Glaubt man Kritiker:innen des weltwärts-Programms, das mich 2012/13 für ein Jahr nach Uganda führt, lässt sich ein ähnliches Urteil über weltwärts als Ganzes fällen. Derartige Freiwilligendienste seien ein „Egotrip ins Elend“, welcher im Wesentlichen den Freiwilligen selbst nützt, schreibt die SZ 2008, im Entstehungsjahr von weltwärts. Ähnlich urteilte kürzlich ein Beitrag hier im MiGAZIN: „Wer einen Freiwilligendienst in einem Land des ,Globalen Südensʻ macht, baut keine globalen Ungleichheiten ab, sondern erweitert den eigenen Horizont, sammelt Erfahrungen und entwickelt Fähigkeiten, die sich positiv auf die eigenen Jobperspektiven auswirken. […] Freiwilligendienstleistende sind schlechte Migrant:innen.“

„Und als diese Zeit vorüber ist, räumen mein Mitfreiwilliger und ich das Feld für zwei andere junge Deutsche, die ebenso wie wir ohne einschlägige Ausbildung ankommen und wieder ganz von vorne anfangen.“

Ein schlechter Migrant, ich? So etwas hört man nicht gerne. Doch lässt man persönliche Befindlichkeiten außen vor, lassen sich für die kritischen Stimmen durchaus plausible Argumente finden. Auf der einen Seite profitiere ich immens von meinem Jahr in Uganda, indem ich meine englischen Sprachkenntnisse verbessere und an interkultureller Kompetenz, Selbstständigkeit sowie Selbst- und Weltwissen hinzugewinne. Auf der anderen Seite ist es mir zwar mit der Zeit zunehmend möglich, im Heim mitzuhelfen, etwa durch den Einkauf von Lebensmitteln oder die Mitwirkung an Freizeitaktivitäten. Aber zugleich stehen mir schon während meines Aufenthaltes die Grenzen meiner Möglichkeiten klar vor Augen. Psychologische Unterstützung für Kinder bei der Bewältigung schwieriger Lebenserfahrungen kann ich etwa ohne fachlichen Hintergrund nicht leisten. In anderen Fällen steht eine Sprachbarriere im Weg, da ein paar Heimkinder kaum Englisch sprechen und ich im Verlauf meines weltwärts-Jahres wenig von der lokalen Sprache Luganda lerne. Und als diese Zeit vorüber ist, räumen mein Mitfreiwilliger und ich das Feld für zwei andere junge Deutsche, die ebenso wie wir ohne einschlägige Ausbildung ankommen und wieder ganz von vorne anfangen.

Was auf weltwärts folgt

Betrachtet man nur die 12 Monate, die ich als Freiwilliger in Uganda verbringe, ist also recht klar, wer davon profitiert: am meisten – wenn auch keineswegs ausschließlich – ich. Doch der Fokus darauf, inwieweit ich vor Ort helfen kann und was ich für mich aus dieser Zeit mitnehme, greift letztlich zu kurz. Eine solcherart verengte Perspektive – die sich in kritischen Betrachtungen von weltwärts immer wieder findet – vernachlässigt, dass weltwärts sich weniger als Hilfs- denn als Lerndienst versteht. Und lernen soll man insbesondere auch, um sich anschließend weiter zu engagieren.
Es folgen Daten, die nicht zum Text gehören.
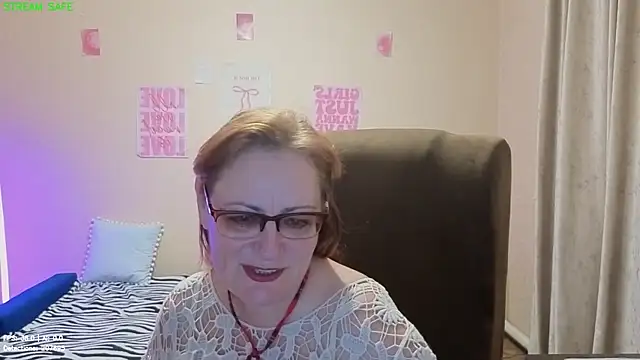 Jasmine_Tv Adlı Modelin Canlı XXX Sohbeti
„Zahlreiche aktive Vereinsmitglieder waren einst mit weltwärts vor Ort, darunter etwa mein damaliger Mitfreiwilliger.“

Ein gutes Beispiel hierfür ist der deutsche Partnerverein des ugandischen Kinderheims, in dem ich seinerzeit meinen Freiwilligendienst absolviere. Der Verein leistet damals wie heute umfassende Unterstützung für das Heim, beispielsweise durch die Akquise von Spendenmitteln, mit denen die Miete für das Heim sowie Schulgebühren und die Verpflegung der Heimkinder bezahlt werden. Zahlreiche aktive Vereinsmitglieder waren einst mit weltwärts vor Ort, darunter etwa mein damaliger Mitfreiwilliger. So setzt er sich seit unserer Rückkehr vor bald 10 Jahren tatkräftig dafür ein, dass einige Kinder in Uganda ein Dach über dem Kopf, tägliche Mahlzeiten und Bildungschancen bekommen, anstatt auf der Straße ums Überleben kämpfen zu müssen.
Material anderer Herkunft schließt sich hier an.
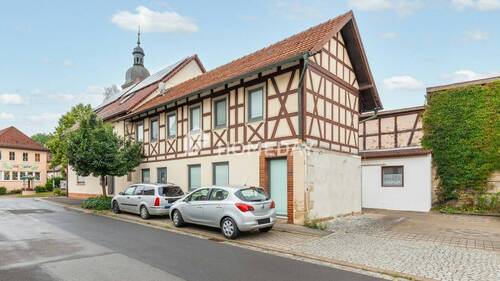 Außenansicht 2 - 1 Zimmer Mehrfamilienhaus, Wohnhaus in Bundorf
Für mich wiederum ist das weltwärts-Jahr in Uganda eine entscheidende Weichenstellung hin zu einem ausgeprägten intellektuellen Engagement mit Afrika, das sich inzwischen auf Fluchtmigration innerhalb Afrikas fokussiert. Davon ausgehend bringe ich mich auf verschiedenen Wegen – u. a. durch Beiträge im MiGAZIN und durch öffentliche Workshops – in gesellschaftliche Diskurse ein, um zum Abbau negativer Stereotype über Afrika und geflüchtete Afrikaner:innen beizutragen. Ohne die prägenden Erfahrungen aus meinem Jahr in Uganda würde dies mit hoher Wahrscheinlichkeit so nicht stattfinden. Gleiches gilt für mein Engagement in einer auf Menschenrechte in Uganda spezialisierten Gruppe von Amnesty International.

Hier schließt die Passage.